There are people, things, and circumstances that make us resentful, stressed out, and upset. I’ve always been fairly good about limiting the complaining and acknowledging and cutting out the things that weigh me down. It’s why I journal almost every day, why I don’t watch violent television shows at night, why I deleted the majority of my apps on my iPhone (social media and email included) last month, and why I only run errands on Fridays. It helps free up my mental energy.
It’s not just about knowing when to say no. We can also say yes to things that we want more of. Like reaching out to or helping family, friends or people you love… and planning long weekends away.
Altucher says that one of the best exercises for keeping our mental muscles from atrophying (and there are many) is to write ideas down. “Every day I write down ideas. I write down so many ideas that it hurts my head to come up with one more. Then I try to write down five.” Ideas for a reality show, a children’s book, a business to pitch on shark tank, or an app – anything really.
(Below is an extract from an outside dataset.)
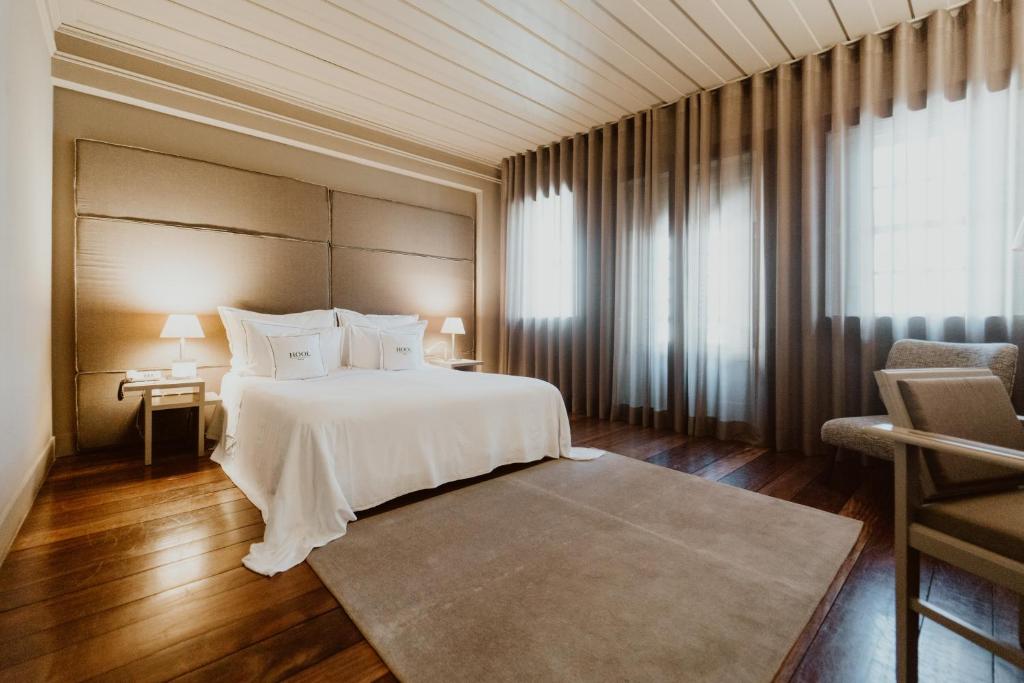 a bedroom with a white bed and a large window at Hotel da Oliveira in Guimarães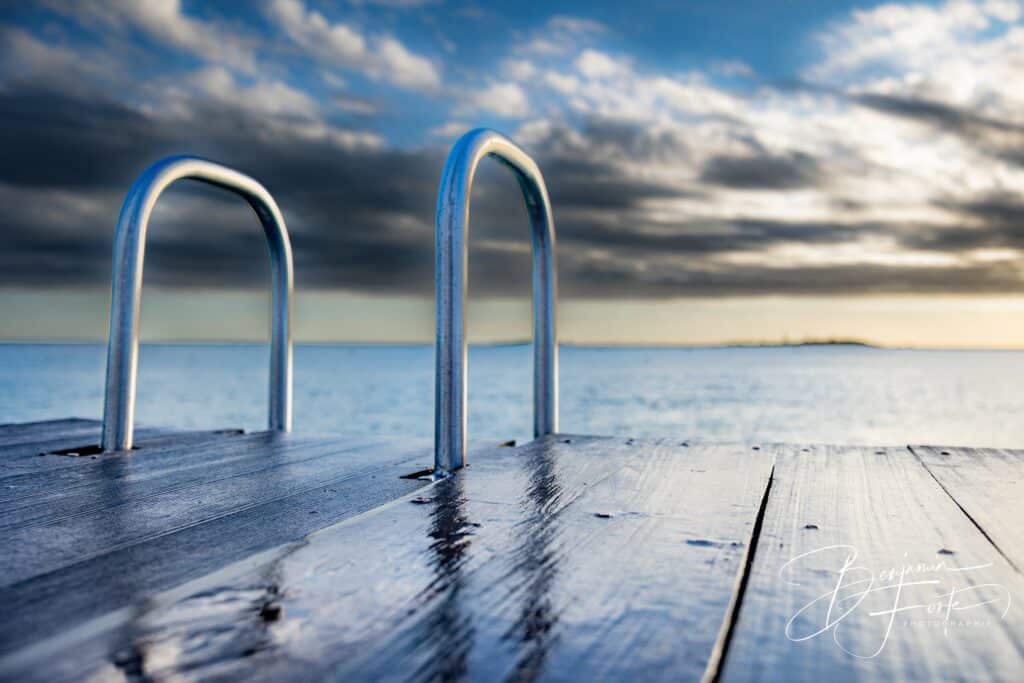 Échelle chromée d'un ponton mouillé face au lagon et à un ciel nuageux, à Nouméa, par BFO Photographie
Most ideas will be bad, but that’s not the point. The point is that your mind becomes an idea machine – sharper, clearer, and more creative. You become curious about different things, and open to new ways of thinking.
This arm of the practice isn’t about God or religion, unless you want it to be. It’s about getting rid of the noise and being present and aware enough to enjoy the things around us so that we don’t spend so much time fixated on the past and worried about the future. This can come in the form of:
- Prayer / church
- Reading or listening to things that uplift and inspire you
Today I went to a barre class (physical). I brainstormed 20 headline ideas for this article (mental; I went with idea #16). I spent an hour decluttering my home (emotional), and I meditated for 5 minutes (spiritual).
I feel good knowing that I accomplished these things. It wasn’t hard to do, I just had to choose to do it. And that’s the tricky part – choosing to do these things every day.
I hope I can keep it up because it’s a hell of a lot easier to stay up than to get up!